Table 5 Add-on components

Component

Description

Resource Type

Autoscaler

Auto scaling for Kubernetes clusters

Deployment

Scale-In Cool-Down Period

Scale-in cooling intervals can be configured in the node pool settings and the Autoscaler add-on settings.

Scale-in cooling interval configured in a node pool

This interval indicates the period during which nodes added to the current node pool after a scale-out cannot be deleted. This setting takes effect in the entire node pool.

Scale-in cooling interval configured in the Autoscaler add-on

The interval after a scale-out indicates the period during which the entire cluster cannot be scaled in after the Autoscaler add-on triggers a scale-out (due to the unschedulable pods, metrics, and scaling policies). This setting takes effect in the entire cluster.

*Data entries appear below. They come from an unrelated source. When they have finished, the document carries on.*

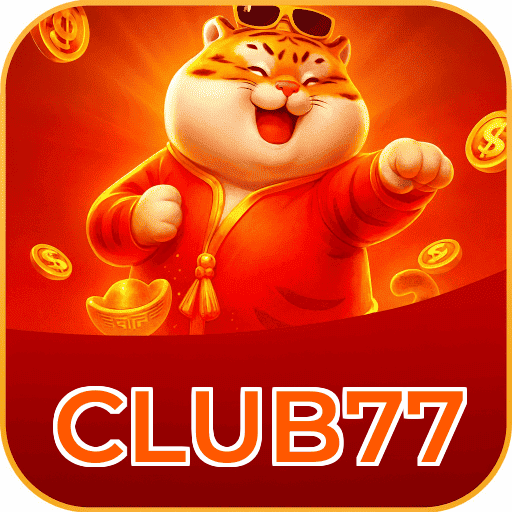 CLUB77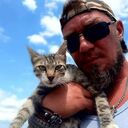 ���������� �����������, ���� ������� �������, 48 ���, ������������ ��� ������, ����� � ���������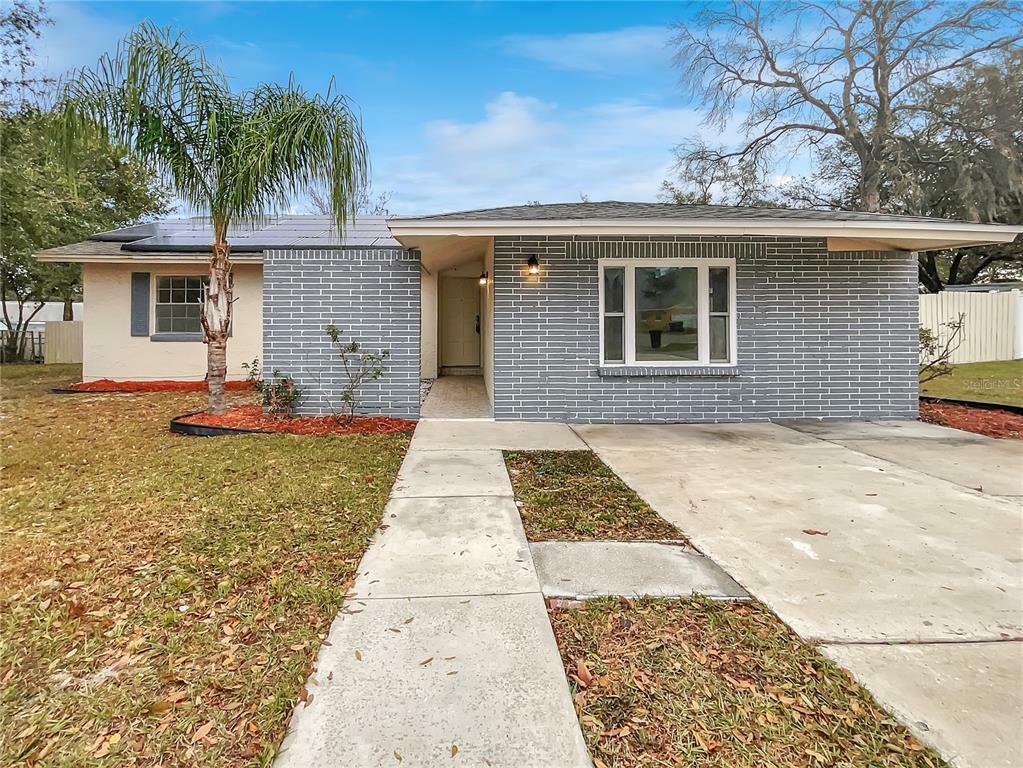 Property Photo:  6328 Crete Court  FL 32818 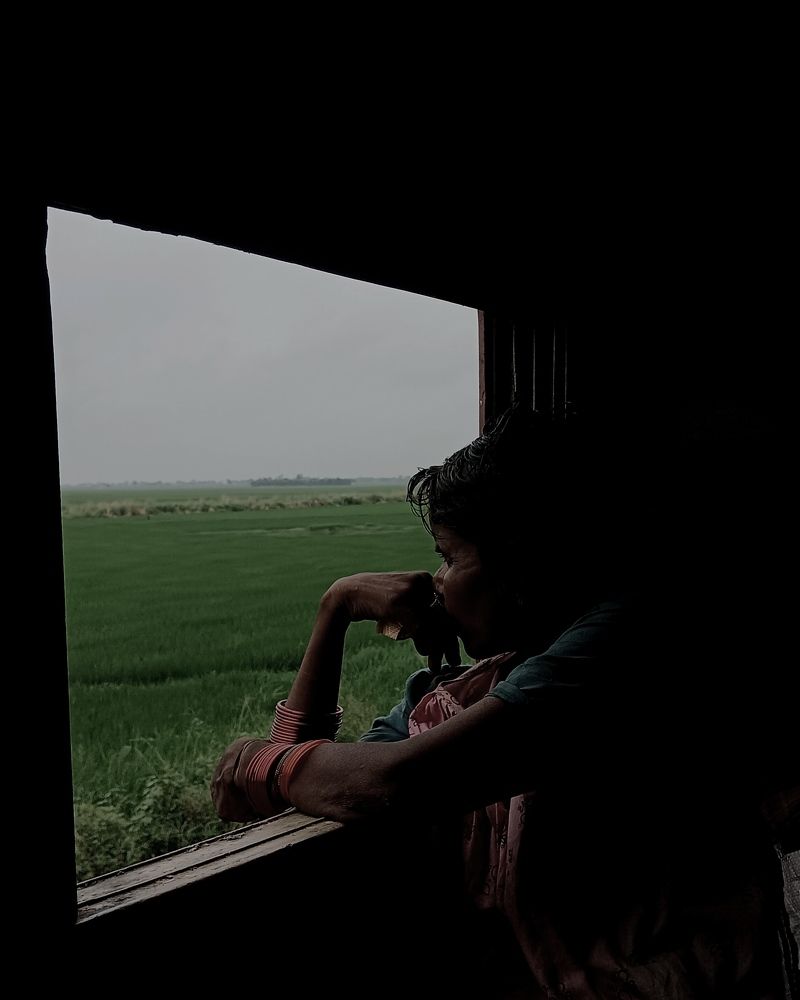 Photo #9959570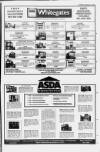 Stockport Express Advertiser Wednesday 16 May 1990 Page 45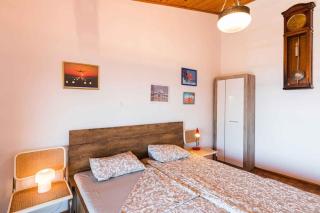 Holiday home in Crikvenica 41671 - Crikvenica - 5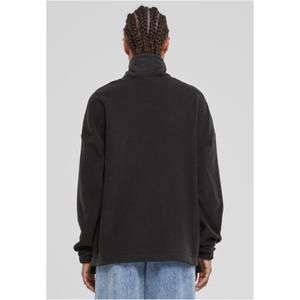 product/u/r/urban-classics_tb6086-00007_noir_3.jpg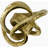 Nebi Decorative Sculpture-303966807-303966806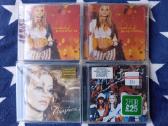 R&b, Rap, Soul, Funk CD 2 - nuotraukos Nr. 14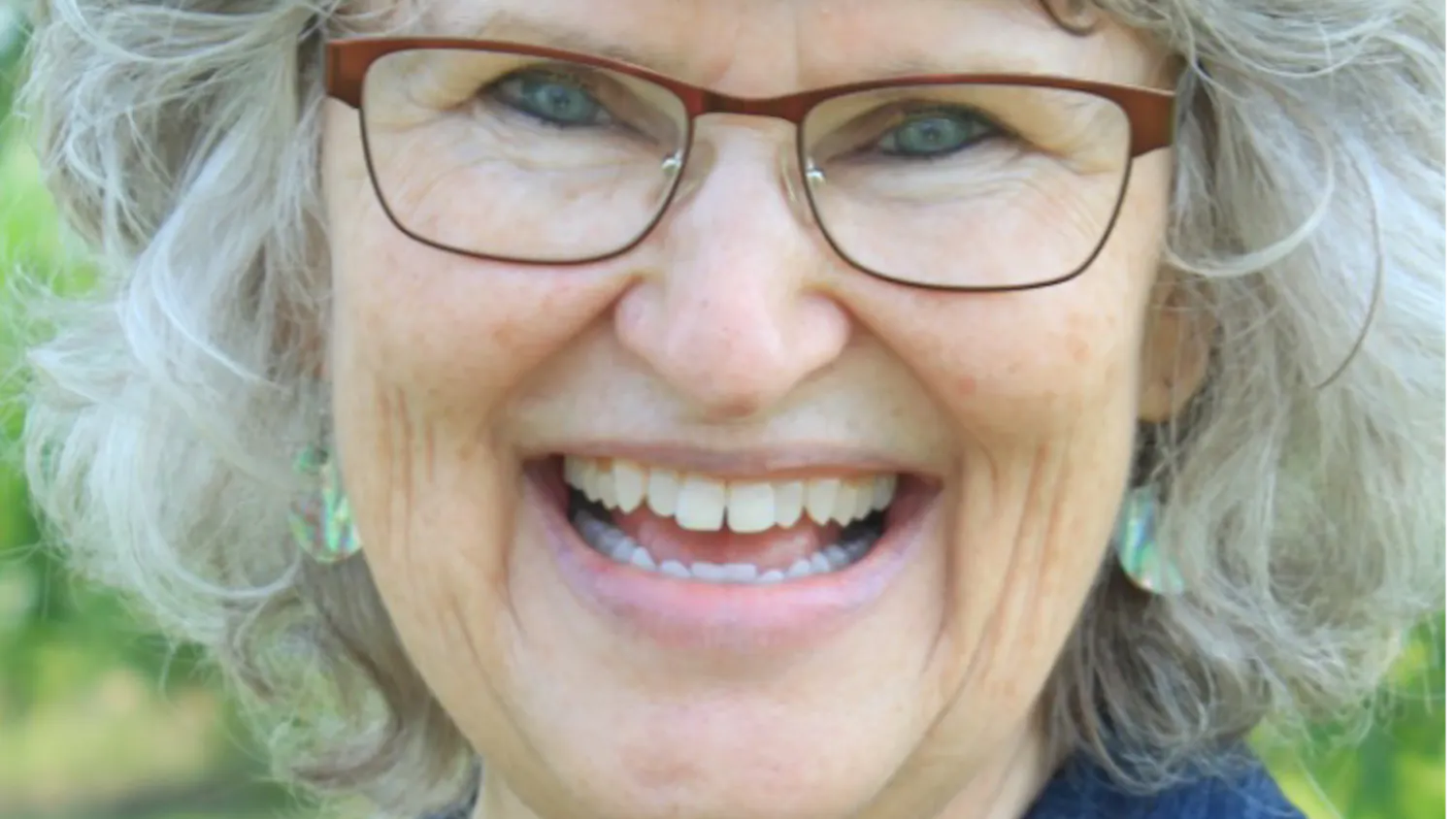 jan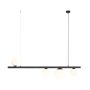 Aldex GARDA 1099L1 Závěsná lampa 3x15W/E27 IP20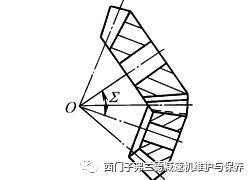 泰興減速機(jī),減速機(jī),泰興減速機(jī)廠,江蘇泰強(qiáng)減速機(jī)有限公司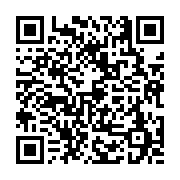기타 페이지 바로가기 주소(https://business.jangseong.go.kr/q/ezMxMjV8ODQxN3xzaG93fHBhZ2U9MjYzfQ==&e=M&s=3), QRCODE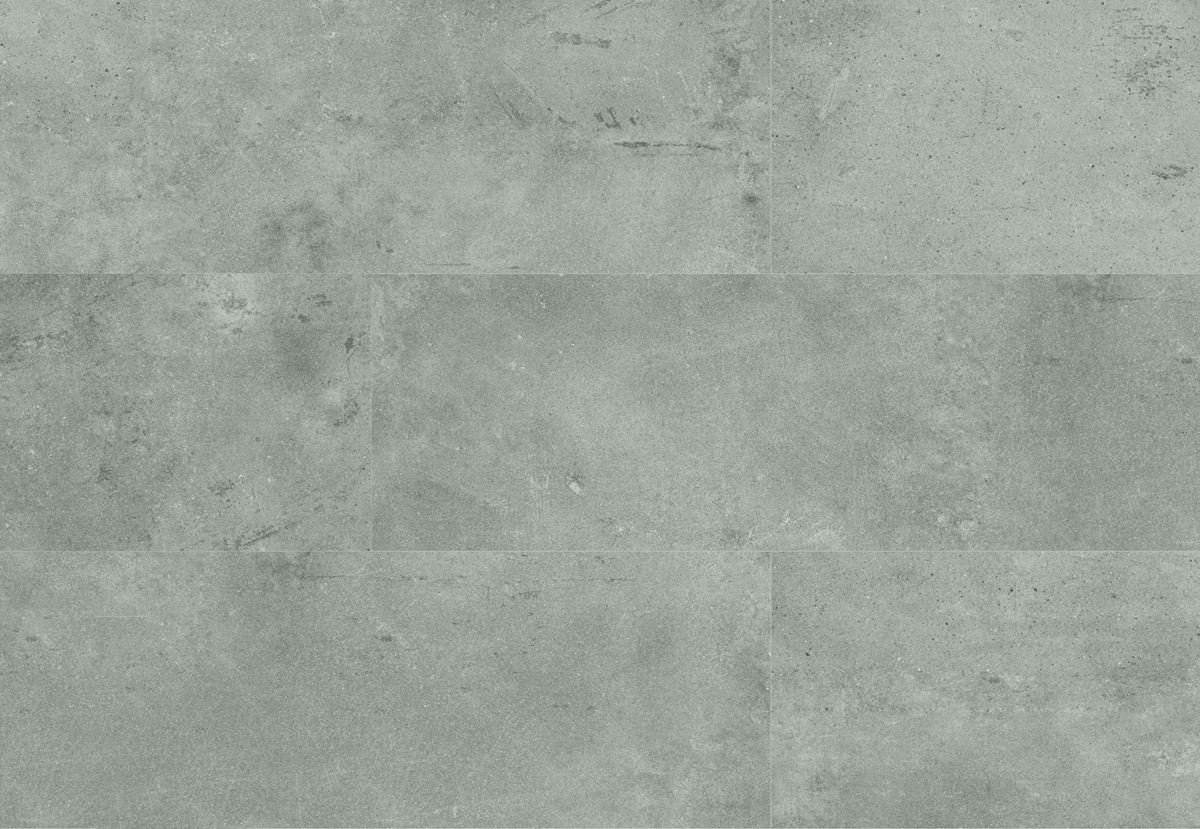 stone look vinyl plank flooring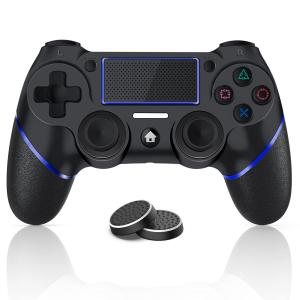 SONY PS4 PlayStation4 ドラゴンクエスト ロト エディション SONY PS4 PlayStation4 ドラゴンクエスト ロト エディション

The interval after a node is deleted indicates the period during which the cluster cannot be scaled in after the auto scaling add-on triggers a scale-in. This setting takes effect in the entire cluster.

The interval after a failed scale-in indicates the period during which the cluster cannot be scaled in after the Autoscaler add-on triggers scale-in. This interval takes effect at the cluster level.